George Stephanopoulos to co-host Good Morning America: A bad move?
Dec 10th 2009 1:30PM
Updated Dec 10th 2009 5:35PM
At some point on Thursday, ABC News will announce that George Stephanopoulos will replace Diane Sawyer as the co-host of Good Morning America when Sawyer becomes the anchor of World News Tonight. If you have trouble picturing the former Clinton aide and current host of This Week as a chatty, bubbly morning-show personality, you're not alone. According to Politico, even Stephanopoulos's friends "seem baffled by his decision to take a job that doesn't seem like a natural fit."

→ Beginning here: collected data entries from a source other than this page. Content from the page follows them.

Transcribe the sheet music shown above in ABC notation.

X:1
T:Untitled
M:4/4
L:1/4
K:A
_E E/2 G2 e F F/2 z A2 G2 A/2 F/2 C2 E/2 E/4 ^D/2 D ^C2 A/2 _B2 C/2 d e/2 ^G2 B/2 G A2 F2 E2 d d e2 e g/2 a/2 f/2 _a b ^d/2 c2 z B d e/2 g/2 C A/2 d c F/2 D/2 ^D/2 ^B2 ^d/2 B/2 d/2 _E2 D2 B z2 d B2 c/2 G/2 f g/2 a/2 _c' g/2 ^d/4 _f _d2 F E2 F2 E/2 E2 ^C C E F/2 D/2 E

In fact, his decision is baffling on several levels. In This Week, Stephanopoulos has one of the plum jobs in TV journalism -- one many thought should have gone to a more experienced journalist and/or someone without a background in partisan politics. But Stephanopoulos has proved a more than able interviewer, and under him This Week has scored some notable ratings victories over Sunday-morning Goliath Meet the Press.

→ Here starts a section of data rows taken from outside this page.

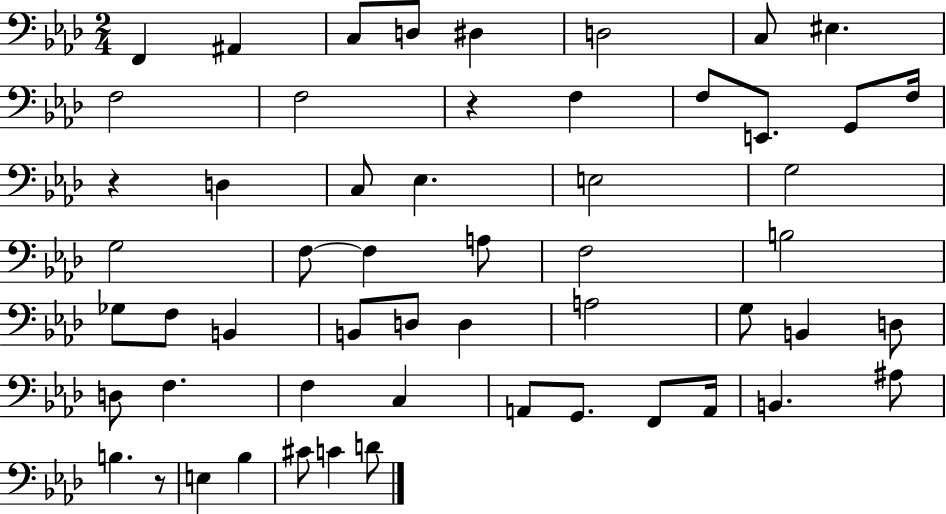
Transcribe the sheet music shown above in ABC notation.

X:1
T:Untitled
M:2/4
L:1/4
K:Ab
F,, ^A,, C,/2 D,/2 ^D, D,2 C,/2 ^E, F,2 F,2 z F, F,/2 E,,/2 G,,/2 F,/4 z D, C,/2 _E, E,2 G,2 G,2 F,/2 F, A,/2 F,2 B,2 _G,/2 F,/2 B,, B,,/2 D,/2 D, A,2 G,/2 B,, D,/2 D,/2 F, F, C, A,,/2 G,,/2 F,,/2 A,,/4 B,, ^A,/2 B, z/2 E, _B, ^C/2 C D/2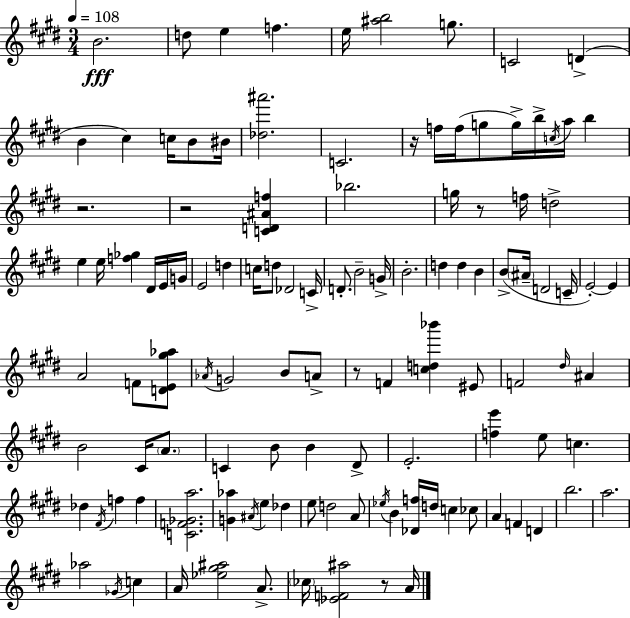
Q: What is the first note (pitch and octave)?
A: B4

One suspects the real allure of GMA in Stephanopoulos's eyes lies in what he envisions coming after it. Thanks to Katie Couric, Charles Gibson and now Sawyer, the morning show is well established as a stepping stone to the ultimate plum, the evening news. Stephanopoulos is surely thinking that it's only a matter of time now before the 63-year-old Sawyer retires, leaving him the obvious choice for World News Tonight.

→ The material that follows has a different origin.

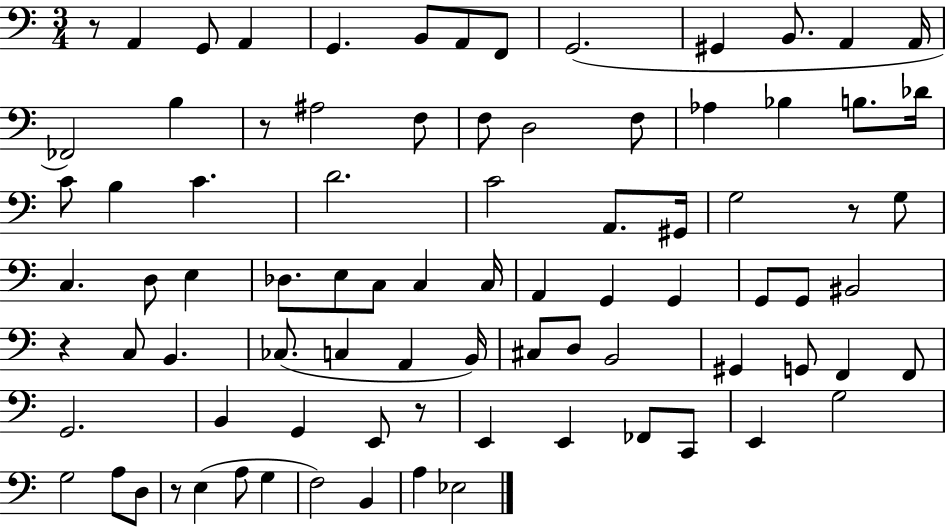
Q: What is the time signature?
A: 3/4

No doubt he's right about that. But that kind of thinking is a relic of a bygone era. Evening newscasts still have massive audiences, but they are almost totally lacking in influence. In the rare instance that something broadcast on the 6:30 news has an impact -- I'm thinking of Couric's jaw-dropping interviews with Sarah Palin -- it's because the clip gets picked up, recirculated, embedded via YouTube on other websites, mocked on The Daily Show, etc. Otherwise, the evening newscasts are just ultra-disposable commodity content.
Stephanopoulos already has a platform from which he can conduct the kind of news-making interviews that everyone else will spend the rest of the week talking about. And he doesn't even have to wake up at 4 a.m. to do it.